### [EXERCISE]
With every picture left out, give the data below back exactly.

Segment Start: STUDY MATERIAL

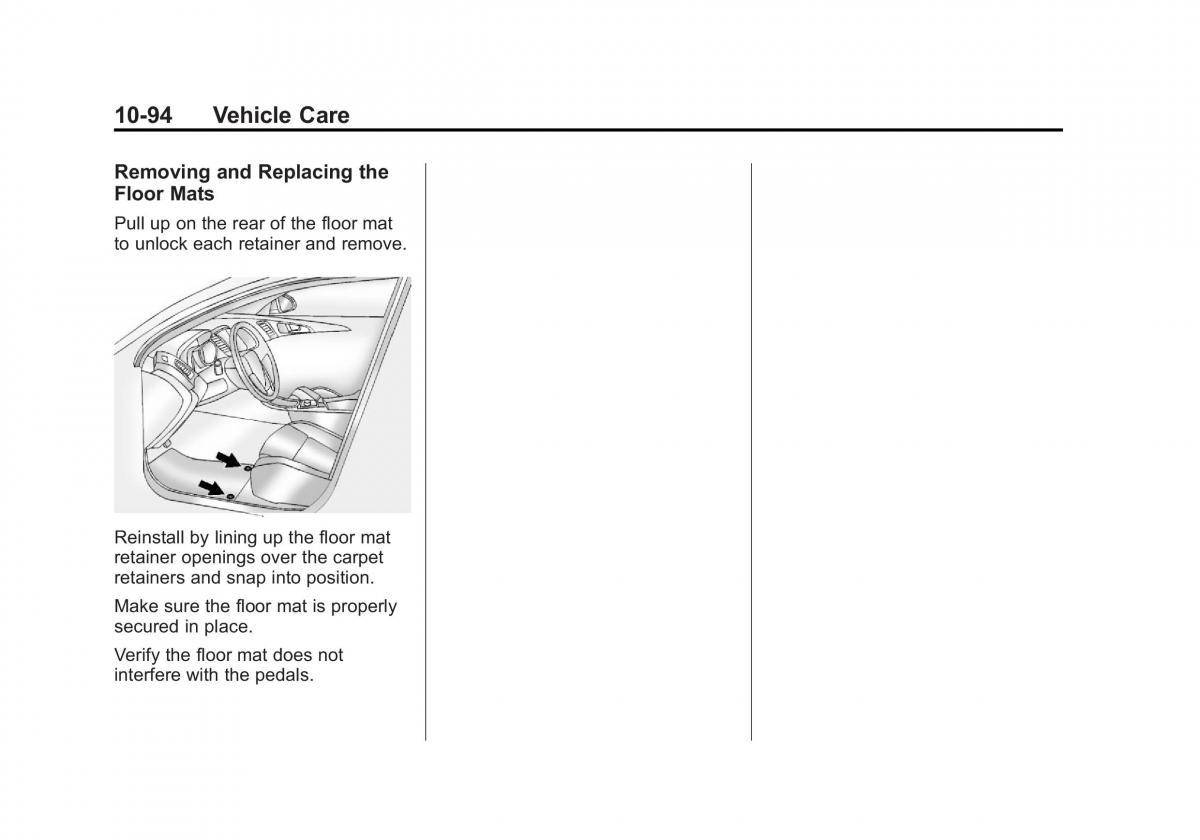 Chevrolet Cruze owners manuals / page 348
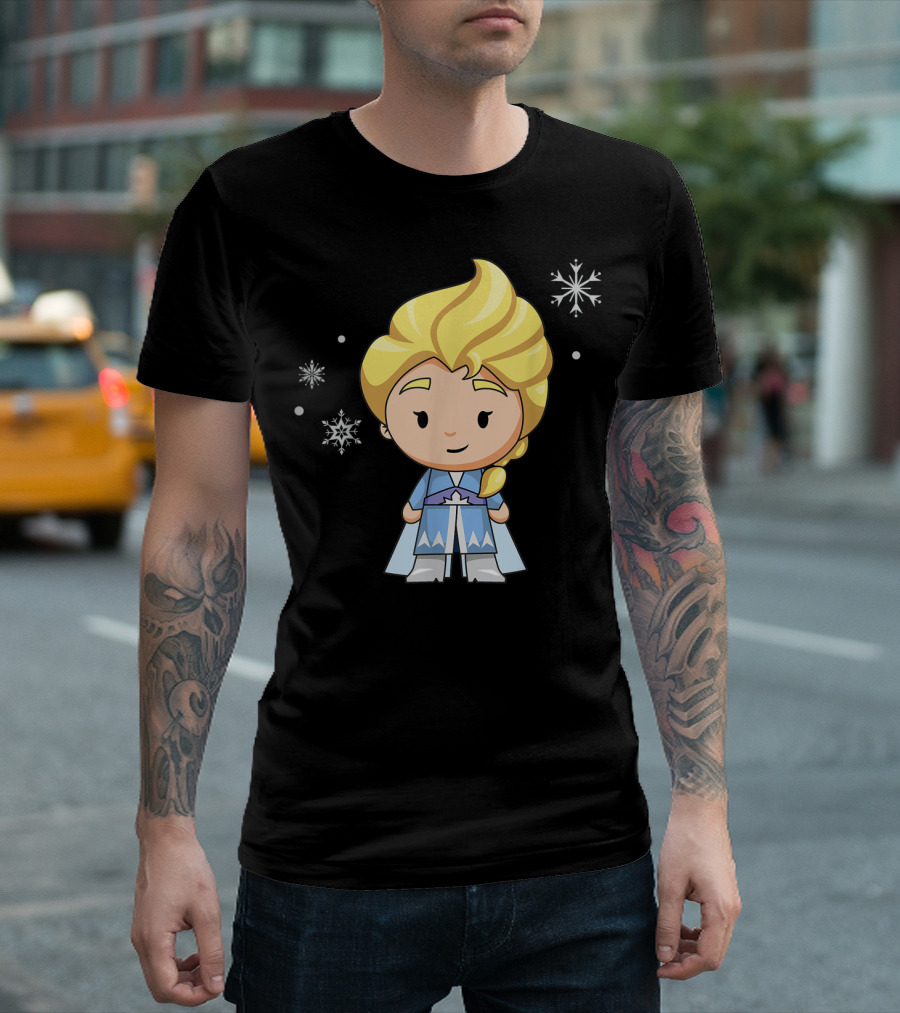 Disney Frozen 2 Elsa Chibi Snowflake T-Shirt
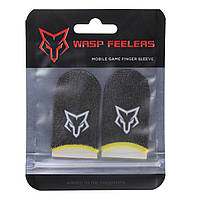 Напальчники Sarafox v2 Nylon Fiber (Wasp Feelers) с нейлоном для игры на телефоне смартфоне пабг pubg Желтый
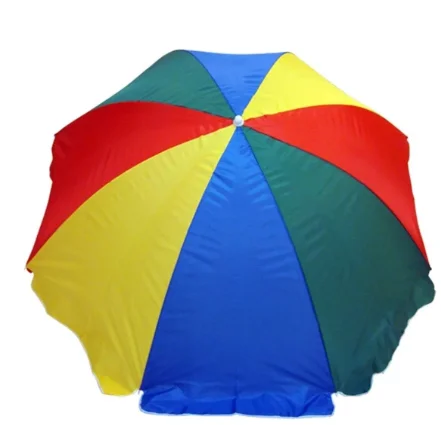 Sunumbrella 6 ребер двойной Топ автоматический рулевой рынок внутренний зонт навес уличный Настольный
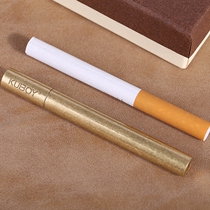 Pure copper cylindrical section long grinding wheel kerosene lighter old-fashioned nostalgic domestic pure copper retro laser lettering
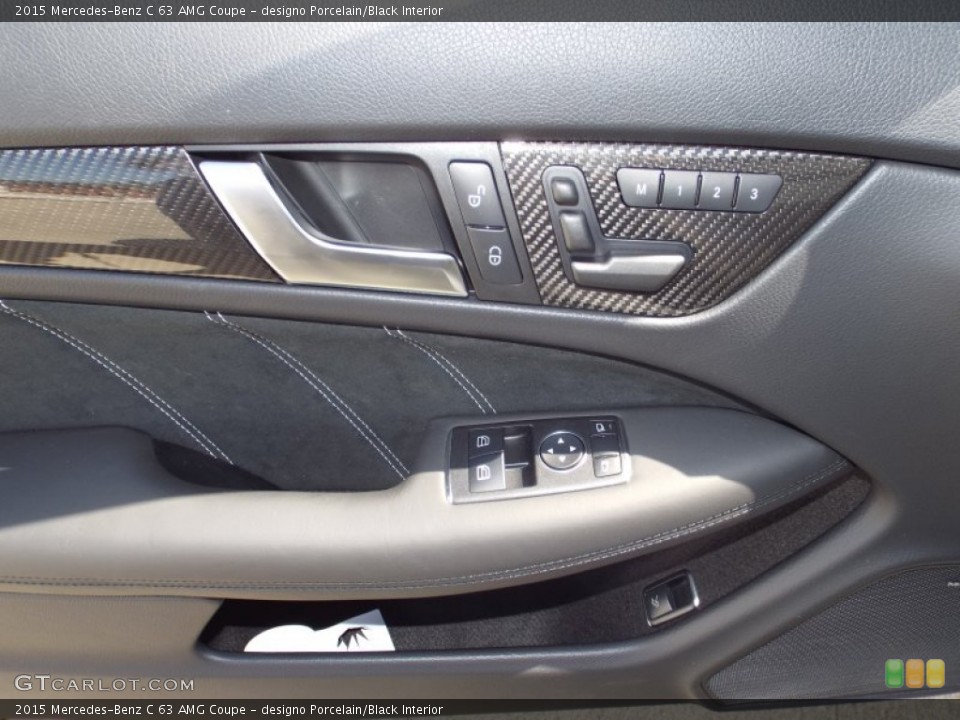 designo Porcelain/Black Interior Door Panel for the 2015 Mercedes-Benz C 63 AMG Coupe #97979170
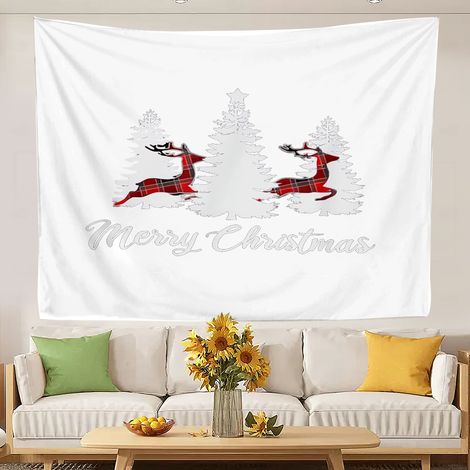 Bannière murale tendance, tapisserie élégante pour la décoration de la chambre à coucher. 150x130cm (1/5)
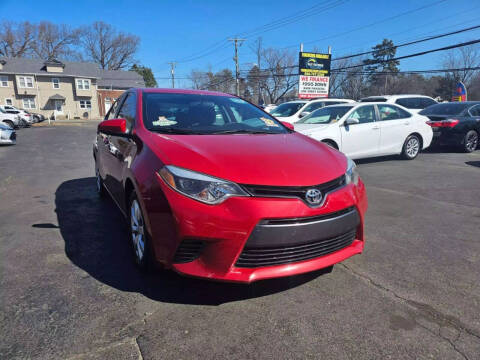 2016 Toyota Corolla for sale at Keystone Auto Group in Delran NJ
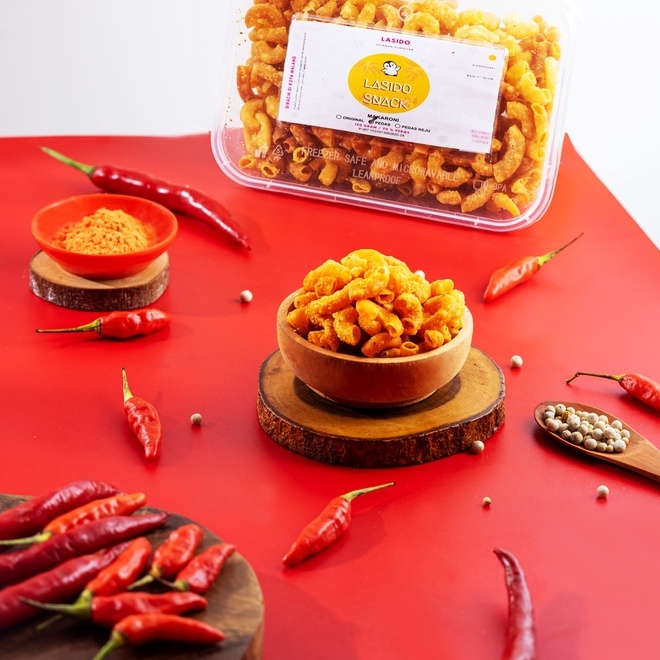 

Makaroni Pedas Keju Toples Lasido 150gram | Makaroni Pedas Enak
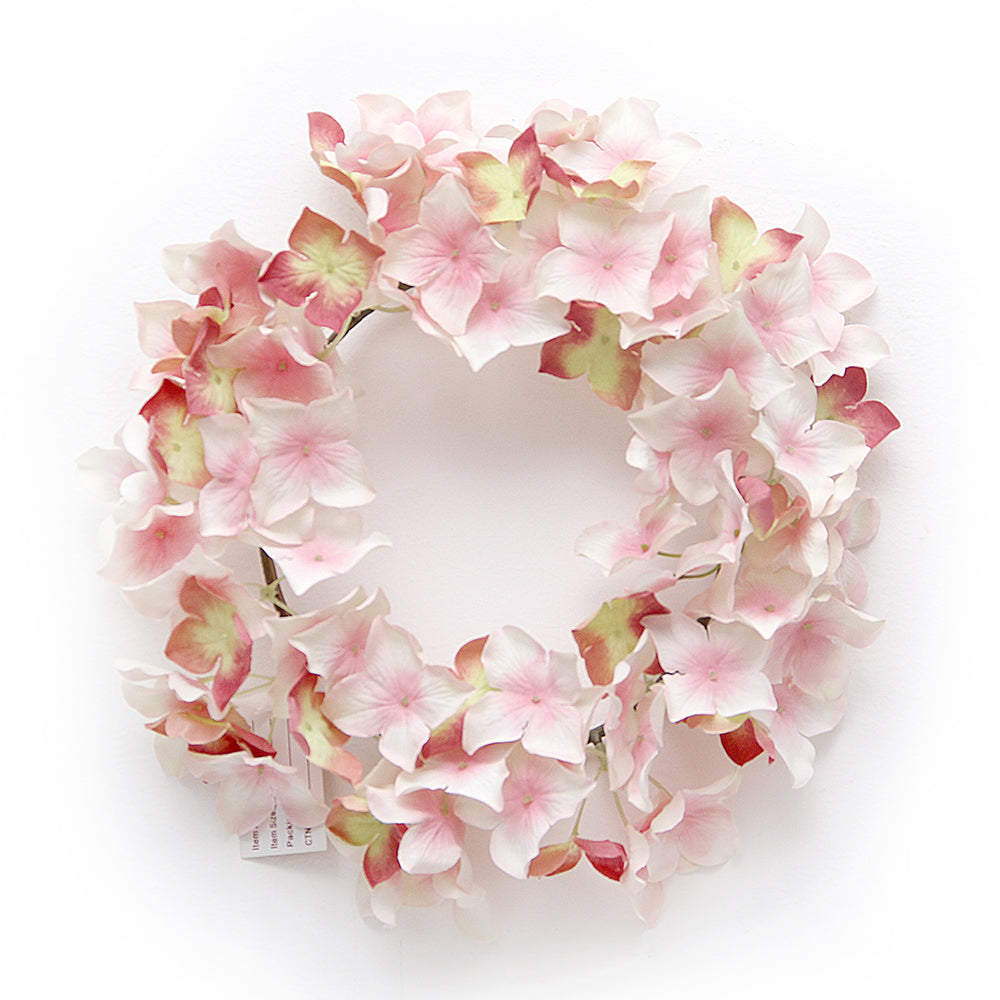 Luxury Hand Made 10inch Artificial Wreath High Quality Decorative Flowers Wreaths for Home Decor Restaurant Hotel Wedding Event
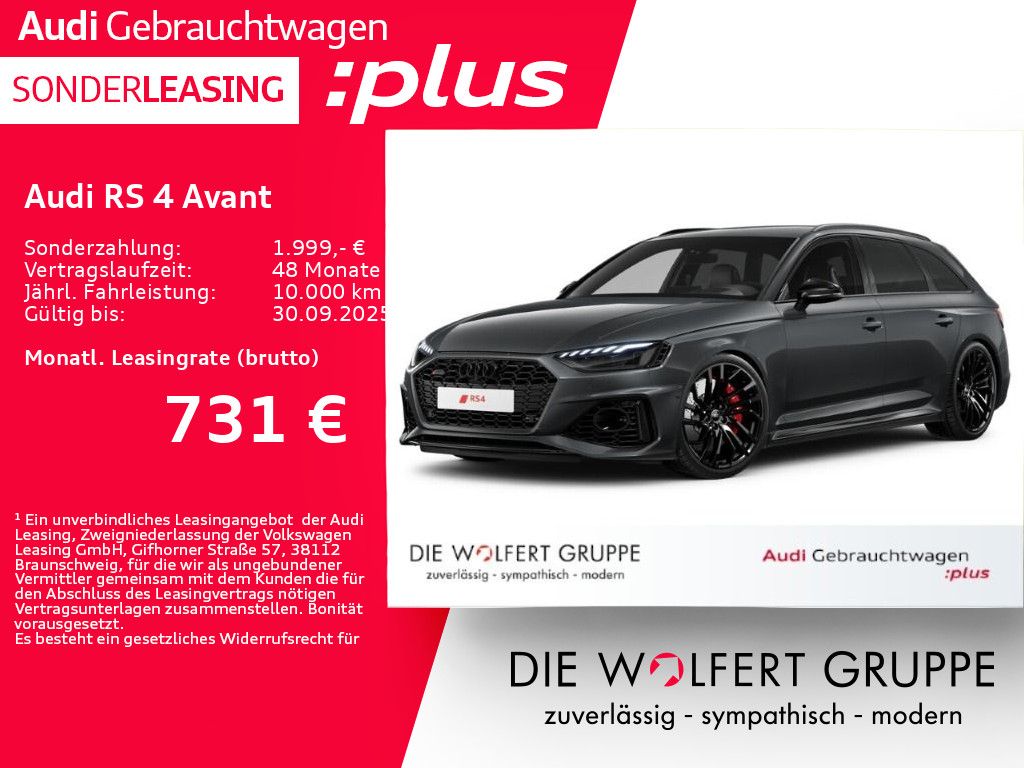 Audi RS 4 Avant RS-SPORTABGASANLAGE*PANO*B&O*ACC*360°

Segment End: STUDY MATERIAL

### [COMPLETED TASK]
 Chevrolet Cruze owners manuals / page 348
 Disney Frozen 2 Elsa Chibi Snowflake T-Shirt
 Напальчники Sarafox v2 Nylon Fiber (Wasp Feelers) с нейлоном для игры на телефоне смартфоне пабг pubg Желтый
 Sunumbrella 6 ребер двойной Топ автоматический рулевой рынок внутренний зонт навес уличный Настольный
 Pure copper cylindrical section long grinding wheel kerosene lighter old-fashioned nostalgic domestic pure copper retro laser lettering
 designo Porcelain/Black Interior Door Panel for the 2015 Mercedes-Benz C 63 AMG Coupe #97979170
 Bannière murale tendance, tapisserie élégante pour la décoration de la chambre à coucher. 150x130cm (1/5)
 2016 Toyota Corolla for sale at Keystone Auto Group in Delran NJ

Makaroni Pedas Keju Toples Lasido 150gram | Makaroni Pedas Enak
 Luxury Hand Made 10inch Artificial Wreath High Quality Decorative Flowers Wreaths for Home Decor Restaurant Hotel Wedding Event
 Audi RS 4 Avant RS-SPORTABGASANLAGE*PANO*B&O*ACC*360°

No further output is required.